* **EXERCISE**
Copy exactly the lines of the records below, and only those lines, beginning with the line that contains "Denison 027-22070-0 Multi" and ending with the line that contains "Kinder Fußballschuhe Nike".

[GIVEN INFORMATION — start]

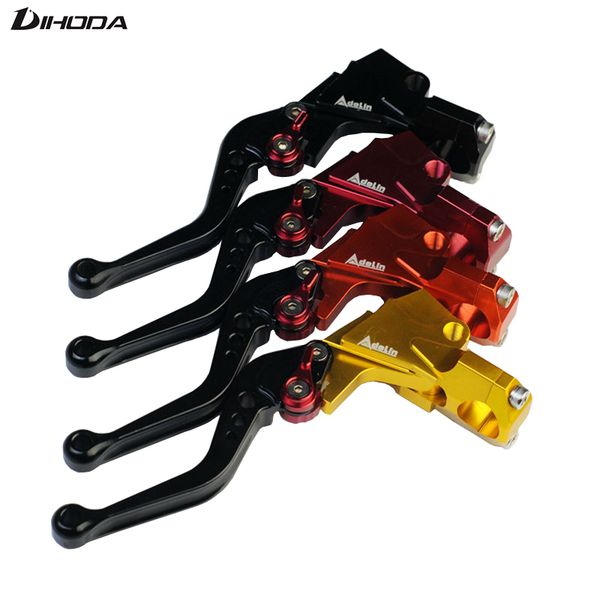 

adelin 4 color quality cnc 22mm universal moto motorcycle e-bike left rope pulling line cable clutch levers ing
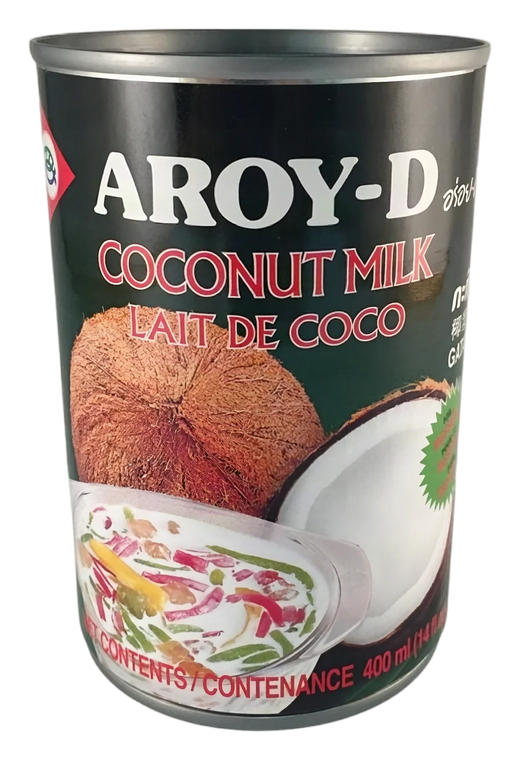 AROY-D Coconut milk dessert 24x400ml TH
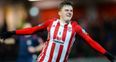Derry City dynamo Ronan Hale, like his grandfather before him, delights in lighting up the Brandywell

[GIVEN INFORMATION — finish]
[GIVEN INFORMATION — start]

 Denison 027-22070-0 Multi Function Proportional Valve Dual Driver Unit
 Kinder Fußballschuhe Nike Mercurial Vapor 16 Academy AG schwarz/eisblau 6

[GIVEN INFORMATION — finish]
[GIVEN INFORMATION — start]

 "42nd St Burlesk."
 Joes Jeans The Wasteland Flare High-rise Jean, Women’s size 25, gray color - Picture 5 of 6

[GIVEN INFORMATION — finish]

* **ANSWER TO THIS EXERCISE**
 Denison 027-22070-0 Multi Function Proportional Valve Dual Driver Unit
 Kinder Fußballschuhe Nike Mercurial Vapor 16 Academy AG schwarz/eisblau 6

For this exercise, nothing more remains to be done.